February 01, 2018 3:23 AM

Getting a mock salary deal between an NFL player and owners drew 36 teams to Tulane Law School Jan. 26-27 for the Professional Football Negotiation Competition which entered its fourth year organized by the Tulane Sports Law Society. The finals brought two teams together; Chapman University Law School represented the Detroit Lions and Villanova Law School represented soon-to-be free agent and Lions’ defensive end Ziggy Ansah. Both teams argued ardently for their respective positions, hoping to persuade judges – representing football industry leaders – that they could cut the best deal for their side.  Unlike the earlier International Baseball Arbitration Competition, the NFL negotiation teams seek a deal between player and club, not just present arguments for or against the salary a player has requested. For about 45 minutes, the two final teams sought salary and compensation terms that gave Ansah what he wanted and what the team believed to be his “market value.” In the end, both sides agreed to a $58.5 million, four-year contract that was packed with bonuses and potential future earnings based on performance. But only one team could win, and it was Chapman Law who took home the championship trophy. Teammates Spencer Shain and Jared Silverstone, both 3Ls, won by a razor-thin margin of 3-2. The judges said they had held their position well, although they had provided a starting salary point so low some judges had expected the players’ negotiators initially to walk, sending Ansah into free agency. The Villanova team pushed hard for a large signing bonus, plus workout incentives. Overall, the five finalist judges were impressed with the competition. Throughout the two-day event, exclusively organized by Tulane students, there were experts from around the country who help judge every team’s performance including a number of Tulane alumni.
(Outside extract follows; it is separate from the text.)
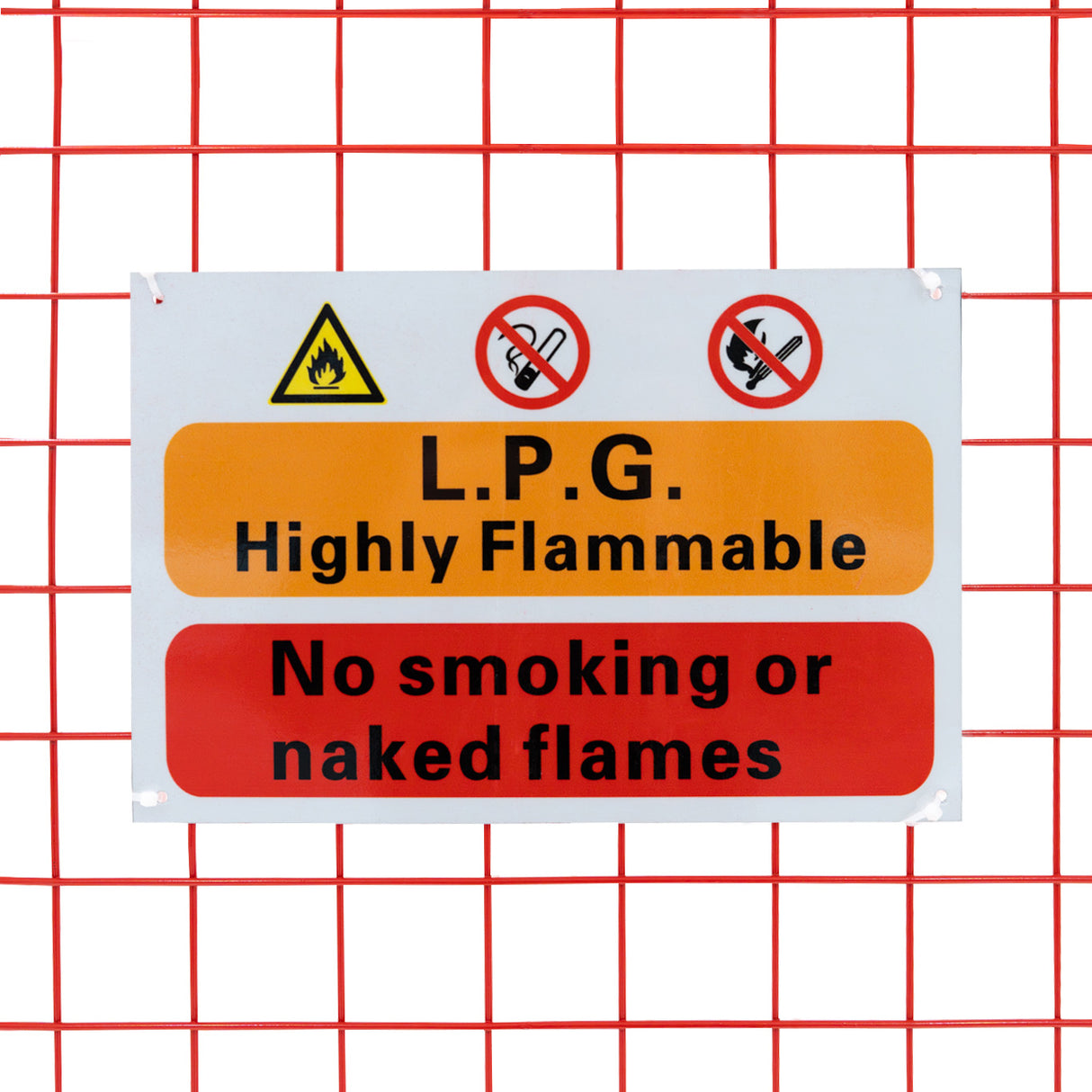Panneau de sécurité sur fond rouge, indiquant "L.P.G. Hautement inflammable" et "Interdiction de fumer ou d'utiliser des flammes nues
Some of them helped launch the competition four years ago.

The judges were: •    Nick Sabella (L’12), Football Administration Coordinator, Chicago Bears •    Ryan Feder (L’15), Football Technology Analyst, Green Bay Packers •    Brandon Shore, Senior Director, Football Administration, Miami Dolphins •    Khai Harley ,  Vice President of Football Administration, New Orleans Saints •    James Waldhauser , Shareholder, Cousineau, Waldhauser, & Kieselbach P.A •    Jason Fitzgerald,  Founder of •    AJ Stevens (L’16),  Football Administration Assistant, Tampa Bay Buccaneers •    Greg Castillo (L’17), former Scouting Assistant, New Orleans Saints who is joining the Kansas City Chiefs •    J.I. Halsell, Curator of •    Jacqueline Davidson,  Director of Football Administration, New York Jets •    Bryce Johnston, Football Administration, Philadelphia Eagles •    Tate Martin (L’17), NFLPA Certified Contract Advisor, Cavignac Sports •    Harrison Smith (L’16), NFLPA Certified Contract Advisor, Paradigm Sports Tulane Sports Law Society Board Member and co-chair of the competition, Erin O’Neill (L’18), said the competition provides law students with an incredible opportunity to network with professionals in the industry as well as improve their negotiation skills. “Any law students that are serious about pursuing a career in the NFL should be looking into this competition,” O’Neill said.   Tulane Law School Dean David Meyer praised competition and the success of the Sports Law Program, which is producing alumni that quickly are joining to the top ranks of the sports world.   He pointed to Castillo, who judged the weekend competition and who was recently hired by  the Kansas City Chiefs; Marshall Rader (L’16), who is joining the Los Angeles Lakers; and alumna Dameka Fields (L’16), who has parlayed an internship with the Minnesota Vikings into a full-time job in the team’s legal and business affairs division.   “This is one of the most dynamic areas of law and we are so pleased to see the success of this fully student-run competition,” Meyer said. “Our students are learning from the best in the field how to be top negotiators and arbitrators and the sports industry sees them as great assets.”